Nun sind mehr als zwanzig Jahre vergangen. Am Burgtheater liefert Haußmann das Gegenteil: Er lässt von Bühnenbildner Lothar Holler einen geheimnisvollen Märchenwald einrichten, der alle Stücke spielt. Mittels beeindruckend akkurater Projektionen fliegen Feen und Geister durch die Nacht, viele Tiere bevölkern den Zauberwald, manche rufen Heiterkeit hervor, wie beispielsweise eine Elefantenfamilie. Diese toll gemachten Spezialeffekte lassen daran denken, dass Haußmann in den letzten Jahren wieder auch als Filmregisseur gearbeitet hat. Im zweiten Teil wird auf die nackte Bühne zurückgekehrt, in deren Tiefe sich der Zuschauerraum des Burgtheaters spiegelt und die Handwerker das Stück im Stück „Pyramus und Thisbe“geben.

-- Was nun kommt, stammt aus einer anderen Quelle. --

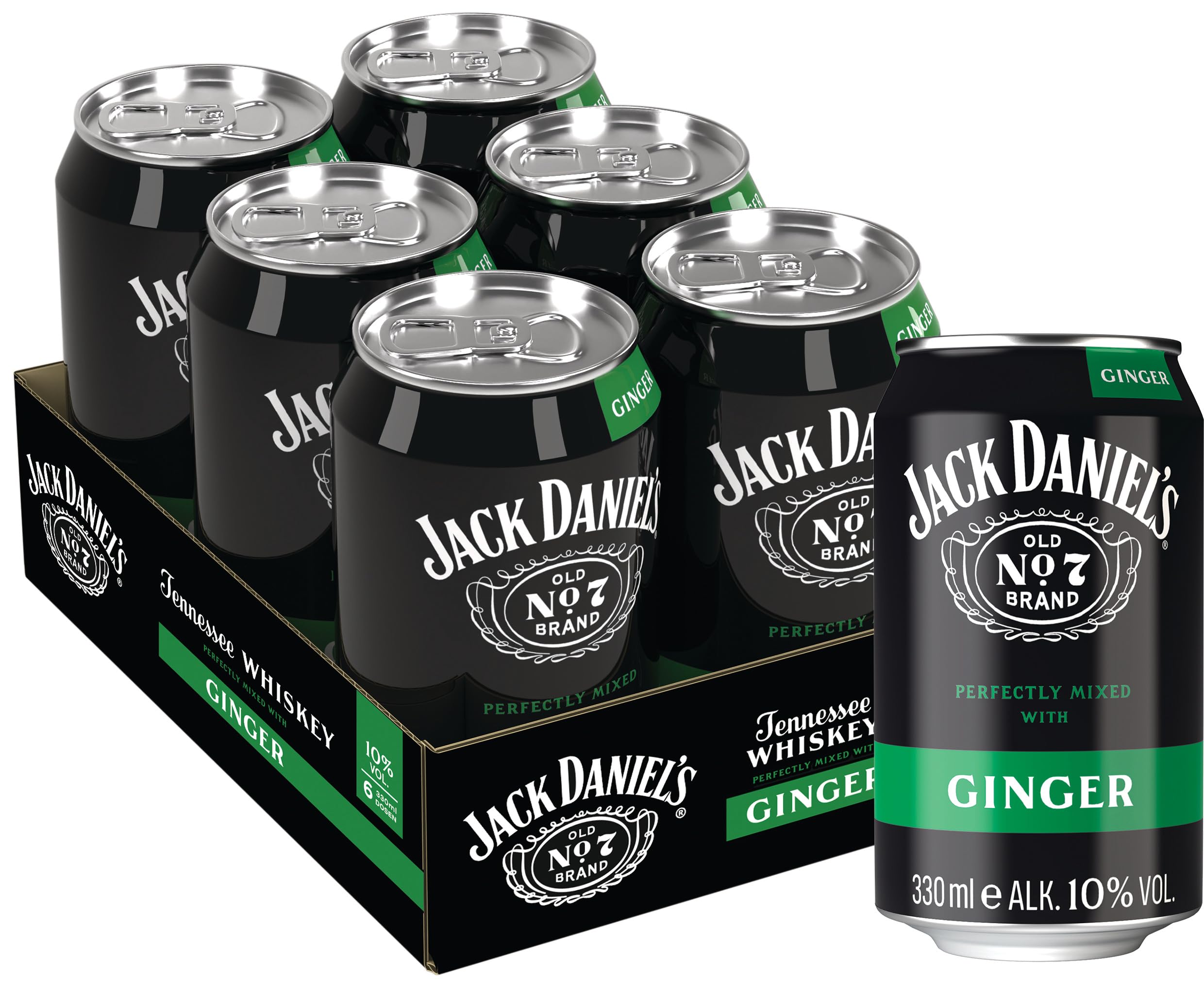 Jack Daniel's Jack & Ginger - Tennessee Whiskey - Whiskey Noten treffen auf süßlich-herbes Ginger Ale - 6 x 0.33L/ 10% Vol.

Bei Haußmann sind sie gealterte Rocker und feste Trinker. Dem großartigen, stets hochkomischen Johann Adam Oest gelingen als Weber Zettel schöne Momente, Martin Schwab ist als Regisseur Peter Squenz eine treffende Parodie auf Haußmann selbst. „Aus! Aus! Aus!“, brüllt er während der Probenarbeit zum Spiel im Spiel. Dann läuft er schluchzend in den dunklen Wald, um wehklagend zurückzukehren.
Tatsächlich ist Haußmann für eine Produktion verantwortlich, die den Ideenreichtum früherer Jahre aufblitzen lässt. Bloß wird man das Gefühl nicht los, dass er damals die Dialoge direkter umsetzte, dass seine Inszenierungen das waren, was man als „genau gearbeitet“bezeichnet. So wird aus Shakespeares „Sommernachtstraum“ein oft zahm umgesetztes Potpourri der Haußmann’schen Ideenwelt. Der gelangweilte Herzog Theseus (Daniel Jesch) und Hippolyta (Alexandra Henkel) vertreiben sich mit Sadomaso-Spielchen die Zeit. Puck (Christopher Nell) mit Vokuhila-Frisur hopst ängstlich durch den Märchenwald und bittet am Ende um Applaus. Der kommt auch kräftig, für Premierenverhältnisse aber mäßig. Immerhin gab es keine Missfallenskundgebung, als der Regisseur mit seinem Team die Bühne betrat. Und allein das ist ob der Umstände der Produktion bereits ein Erfolg.